Re: Grapheme clusters

From: Philippe Verdy (verdy_p@wanadoo.fr)
Date: Wed Oct 06 2004 - 06:32:23 CST

  • Next message: Peter Constable: "RE: Sample of german -burg abbreviature"

    From: "Chris Harvey" <chris@languagegeek.com>
    > The users seem determined to put the entire alphabet into the PUA, thus
    > making a single character for <ng>, <kw>, <ii> etc. I would like to be
    > able to present them with something that works and avoid this kind of
    > catastrophe.

    A better alternative to PUAs, which would require specific fonts and no
    interopable solution would be to use controls that make explicit grapheme
    clusters: ZWJ notably, and make sure that the editor handles it effectively
    as a single cluster, including for backspace.

    Or, may be using existing combining modifier letters, even if they look like
    superscript in existing fonts (if you are ready to go to PUAs, you would
    need to develop a font for them), but as we don't know the whole extents of
    the "alphabet", it's hard to determine which solution is best.

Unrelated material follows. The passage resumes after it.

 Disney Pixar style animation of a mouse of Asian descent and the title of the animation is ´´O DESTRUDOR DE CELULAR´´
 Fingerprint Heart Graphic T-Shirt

    I am assuming (I'm possibly wrong) that you'll need it to support some
    African languages, and if so, there are existing proposals to increase their
    support in Unicode with pending new Latin letters. Using PUAs could be an
    interim solution, before new characters are introduced, notably if you need
    combining modifier letters to act with the base letter as a single cluster.

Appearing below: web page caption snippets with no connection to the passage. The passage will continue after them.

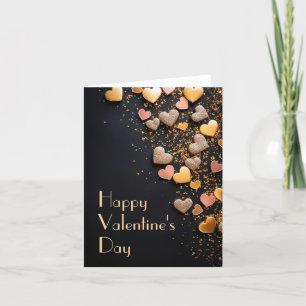 Golden glitter hearts on black ground Valentine's Holiday Card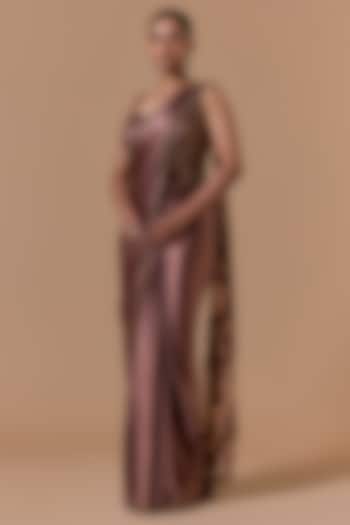 Copper Satin Crystal Embroidered Pre-Draped Reception Saree Set by NITIKA GUJRAL at Pernia's Pop Up Shop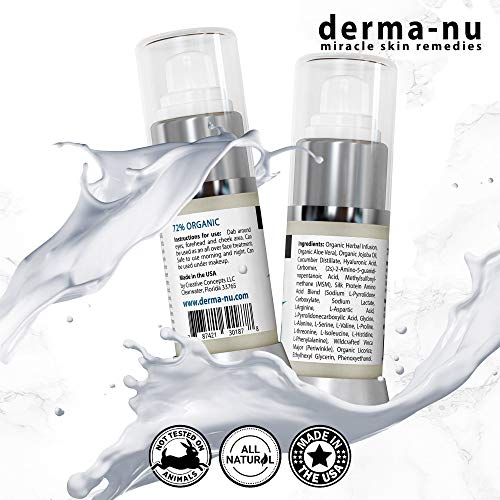 Eye Gel Anti-Aging Cream - Treatment for dark Circles, Puffiness, Wrinkles and Fine Lines - Hyaluronic Acid Formula Infused Serum with Aloe Vera & Jojoba for Ageless Smooth Skin - .5 oz Skin Care Derma-nu Miracle Skin Remedies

    If you need that to support the Latin transliteration of Native North
    American languages that you support on your web site, as a convenient tool
    allowing a reverse transliteration to the native script (which has
    constraints on its syllabic structure), and a convenient way to fix the
    Latin orthography in order to create richer contents transliterated
    appropriately and automatically into the native script, may be you need
    really a specific editor that can check and enforce the Latin orthography.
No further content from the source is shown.